→ **Work to complete**: Restate verbatim the span of lines below between the line with "VIVIR EL EMBARAZO" and the line with "L.A.Squash - Turning Your Scene / The Ending download free", including those two lines, and only that span.

(Data extracts begins)

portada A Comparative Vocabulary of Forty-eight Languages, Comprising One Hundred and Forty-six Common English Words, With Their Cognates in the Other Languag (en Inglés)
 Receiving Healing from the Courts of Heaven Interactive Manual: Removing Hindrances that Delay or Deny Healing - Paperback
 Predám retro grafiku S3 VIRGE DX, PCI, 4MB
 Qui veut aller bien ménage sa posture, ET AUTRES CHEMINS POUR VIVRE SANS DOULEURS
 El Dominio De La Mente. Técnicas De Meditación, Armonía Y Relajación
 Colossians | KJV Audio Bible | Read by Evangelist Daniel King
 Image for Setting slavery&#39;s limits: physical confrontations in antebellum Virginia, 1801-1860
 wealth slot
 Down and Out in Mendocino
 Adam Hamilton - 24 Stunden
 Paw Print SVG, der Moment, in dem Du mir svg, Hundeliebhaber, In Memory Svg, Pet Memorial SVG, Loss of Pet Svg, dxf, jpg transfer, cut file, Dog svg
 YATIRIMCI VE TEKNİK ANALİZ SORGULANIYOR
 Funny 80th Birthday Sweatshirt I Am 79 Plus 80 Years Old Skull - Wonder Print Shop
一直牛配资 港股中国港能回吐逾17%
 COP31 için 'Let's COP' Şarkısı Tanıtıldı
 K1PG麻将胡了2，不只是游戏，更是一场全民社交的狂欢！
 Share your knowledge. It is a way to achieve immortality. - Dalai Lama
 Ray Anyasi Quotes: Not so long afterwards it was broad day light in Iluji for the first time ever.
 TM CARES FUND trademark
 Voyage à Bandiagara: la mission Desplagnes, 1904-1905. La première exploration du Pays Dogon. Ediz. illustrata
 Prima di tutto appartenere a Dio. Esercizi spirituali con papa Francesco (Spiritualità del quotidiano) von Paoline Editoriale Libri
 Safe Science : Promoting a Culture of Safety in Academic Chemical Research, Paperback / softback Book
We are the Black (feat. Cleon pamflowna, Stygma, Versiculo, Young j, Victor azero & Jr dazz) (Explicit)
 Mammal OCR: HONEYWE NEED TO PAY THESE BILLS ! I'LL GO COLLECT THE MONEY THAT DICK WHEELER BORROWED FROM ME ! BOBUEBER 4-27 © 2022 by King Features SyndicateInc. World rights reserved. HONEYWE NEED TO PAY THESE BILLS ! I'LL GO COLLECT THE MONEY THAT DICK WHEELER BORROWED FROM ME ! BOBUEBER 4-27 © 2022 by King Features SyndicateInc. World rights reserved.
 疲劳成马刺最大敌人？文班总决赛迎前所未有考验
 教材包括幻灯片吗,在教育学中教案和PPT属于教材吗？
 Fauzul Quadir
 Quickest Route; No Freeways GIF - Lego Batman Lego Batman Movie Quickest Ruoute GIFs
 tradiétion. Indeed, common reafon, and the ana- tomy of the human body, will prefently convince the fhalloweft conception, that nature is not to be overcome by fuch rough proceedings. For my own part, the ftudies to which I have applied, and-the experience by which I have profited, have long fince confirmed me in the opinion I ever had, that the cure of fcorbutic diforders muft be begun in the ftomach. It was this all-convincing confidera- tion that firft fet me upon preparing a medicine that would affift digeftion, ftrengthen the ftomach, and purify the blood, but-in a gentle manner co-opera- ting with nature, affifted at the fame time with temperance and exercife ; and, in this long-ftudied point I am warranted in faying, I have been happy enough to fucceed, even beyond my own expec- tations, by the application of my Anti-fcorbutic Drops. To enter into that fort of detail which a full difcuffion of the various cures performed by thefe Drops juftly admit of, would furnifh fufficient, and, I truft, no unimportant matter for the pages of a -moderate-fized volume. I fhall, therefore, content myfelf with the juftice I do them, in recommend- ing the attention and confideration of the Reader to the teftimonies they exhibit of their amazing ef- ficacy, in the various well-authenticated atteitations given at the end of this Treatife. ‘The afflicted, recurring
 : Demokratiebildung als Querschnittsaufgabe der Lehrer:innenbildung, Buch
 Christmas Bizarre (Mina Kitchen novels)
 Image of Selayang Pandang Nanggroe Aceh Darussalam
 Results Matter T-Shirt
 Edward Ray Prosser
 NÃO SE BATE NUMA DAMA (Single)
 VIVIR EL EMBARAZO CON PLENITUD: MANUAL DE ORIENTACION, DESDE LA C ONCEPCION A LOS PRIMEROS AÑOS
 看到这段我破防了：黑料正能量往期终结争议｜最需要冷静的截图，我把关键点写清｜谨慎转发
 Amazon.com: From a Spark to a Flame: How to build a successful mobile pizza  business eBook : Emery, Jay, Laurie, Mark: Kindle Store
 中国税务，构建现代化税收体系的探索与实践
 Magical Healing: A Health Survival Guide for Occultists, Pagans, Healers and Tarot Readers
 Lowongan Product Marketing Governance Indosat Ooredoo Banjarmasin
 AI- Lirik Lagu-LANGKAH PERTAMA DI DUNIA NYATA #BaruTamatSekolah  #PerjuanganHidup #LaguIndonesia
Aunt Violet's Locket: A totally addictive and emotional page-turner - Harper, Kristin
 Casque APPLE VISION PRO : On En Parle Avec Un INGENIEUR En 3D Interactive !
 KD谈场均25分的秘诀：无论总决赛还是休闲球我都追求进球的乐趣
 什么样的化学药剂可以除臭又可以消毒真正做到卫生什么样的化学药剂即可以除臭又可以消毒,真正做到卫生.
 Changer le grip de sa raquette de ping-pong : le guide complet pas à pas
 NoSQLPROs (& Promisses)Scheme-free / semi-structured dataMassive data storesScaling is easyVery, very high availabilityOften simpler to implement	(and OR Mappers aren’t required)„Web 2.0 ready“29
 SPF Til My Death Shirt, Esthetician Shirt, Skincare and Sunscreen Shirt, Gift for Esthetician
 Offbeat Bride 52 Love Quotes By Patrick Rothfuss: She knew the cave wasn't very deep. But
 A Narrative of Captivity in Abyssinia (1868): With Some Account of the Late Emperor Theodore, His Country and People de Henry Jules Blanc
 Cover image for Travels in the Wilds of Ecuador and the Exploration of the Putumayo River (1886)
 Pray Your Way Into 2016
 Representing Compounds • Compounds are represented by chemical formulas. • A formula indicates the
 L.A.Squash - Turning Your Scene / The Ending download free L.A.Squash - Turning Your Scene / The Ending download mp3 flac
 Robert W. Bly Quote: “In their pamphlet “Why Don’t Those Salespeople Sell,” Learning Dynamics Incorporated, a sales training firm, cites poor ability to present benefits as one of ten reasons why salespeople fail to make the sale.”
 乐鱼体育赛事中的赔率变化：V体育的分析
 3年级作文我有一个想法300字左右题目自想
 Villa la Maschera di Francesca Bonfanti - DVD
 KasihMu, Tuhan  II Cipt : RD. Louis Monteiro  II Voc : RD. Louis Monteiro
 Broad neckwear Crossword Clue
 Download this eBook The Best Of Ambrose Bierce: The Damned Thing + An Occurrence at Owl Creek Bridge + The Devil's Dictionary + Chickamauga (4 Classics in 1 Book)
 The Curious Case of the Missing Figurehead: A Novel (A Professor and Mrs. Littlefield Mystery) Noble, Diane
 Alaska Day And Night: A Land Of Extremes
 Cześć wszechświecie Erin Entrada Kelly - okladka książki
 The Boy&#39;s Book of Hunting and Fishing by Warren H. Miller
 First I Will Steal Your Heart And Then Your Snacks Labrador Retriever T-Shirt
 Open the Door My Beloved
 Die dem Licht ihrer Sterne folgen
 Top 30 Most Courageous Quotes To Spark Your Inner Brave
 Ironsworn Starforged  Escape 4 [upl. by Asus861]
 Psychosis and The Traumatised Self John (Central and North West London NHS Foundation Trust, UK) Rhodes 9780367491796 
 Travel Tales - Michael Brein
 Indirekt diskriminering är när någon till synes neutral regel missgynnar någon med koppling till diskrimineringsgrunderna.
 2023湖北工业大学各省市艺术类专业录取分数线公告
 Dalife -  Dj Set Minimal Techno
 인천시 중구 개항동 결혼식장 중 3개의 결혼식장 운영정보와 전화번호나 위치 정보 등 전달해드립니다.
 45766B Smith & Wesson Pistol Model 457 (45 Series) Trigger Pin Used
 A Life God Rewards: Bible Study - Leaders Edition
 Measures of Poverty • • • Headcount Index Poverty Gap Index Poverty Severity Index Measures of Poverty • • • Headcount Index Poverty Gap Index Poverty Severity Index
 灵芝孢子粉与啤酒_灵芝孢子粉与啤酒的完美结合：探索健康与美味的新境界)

(Data extracts ends)

→ **Written reply**:
 VIVIR EL EMBARAZO CON PLENITUD: MANUAL DE ORIENTACION, DESDE LA C ONCEPCION A LOS PRIMEROS AÑOS
 看到这段我破防了：黑料正能量往期终结争议｜最需要冷静的截图，我把关键点写清｜谨慎转发
 Amazon.com: From a Spark to a Flame: How to build a successful mobile pizza  business eBook : Emery, Jay, Laurie, Mark: Kindle Store
 中国税务，构建现代化税收体系的探索与实践
 Magical Healing: A Health Survival Guide for Occultists, Pagans, Healers and Tarot Readers
 Lowongan Product Marketing Governance Indosat Ooredoo Banjarmasin
 AI- Lirik Lagu-LANGKAH PERTAMA DI DUNIA NYATA #BaruTamatSekolah  #PerjuanganHidup #LaguIndonesia
Aunt Violet's Locket: A totally addictive and emotional page-turner - Harper, Kristin
 Casque APPLE VISION PRO : On En Parle Avec Un INGENIEUR En 3D Interactive !
 KD谈场均25分的秘诀：无论总决赛还是休闲球我都追求进球的乐趣
 什么样的化学药剂可以除臭又可以消毒真正做到卫生什么样的化学药剂即可以除臭又可以消毒,真正做到卫生.
 Changer le grip de sa raquette de ping-pong : le guide complet pas à pas
 NoSQLPROs (& Promisses)Scheme-free / semi-structured dataMassive data storesScaling is easyVery, very high availabilityOften simpler to implement	(and OR Mappers aren’t required)„Web 2.0 ready“29
 SPF Til My Death Shirt, Esthetician Shirt, Skincare and Sunscreen Shirt, Gift for Esthetician
 Offbeat Bride 52 Love Quotes By Patrick Rothfuss: She knew the cave wasn't very deep. But
 A Narrative of Captivity in Abyssinia (1868): With Some Account of the Late Emperor Theodore, His Country and People de Henry Jules Blanc
 Cover image for Travels in the Wilds of Ecuador and the Exploration of the Putumayo River (1886)
 Pray Your Way Into 2016
 Representing Compounds • Compounds are represented by chemical formulas. • A formula indicates the
 L.A.Squash - Turning Your Scene / The Ending download free L.A.Squash - Turning Your Scene / The Ending download mp3 flac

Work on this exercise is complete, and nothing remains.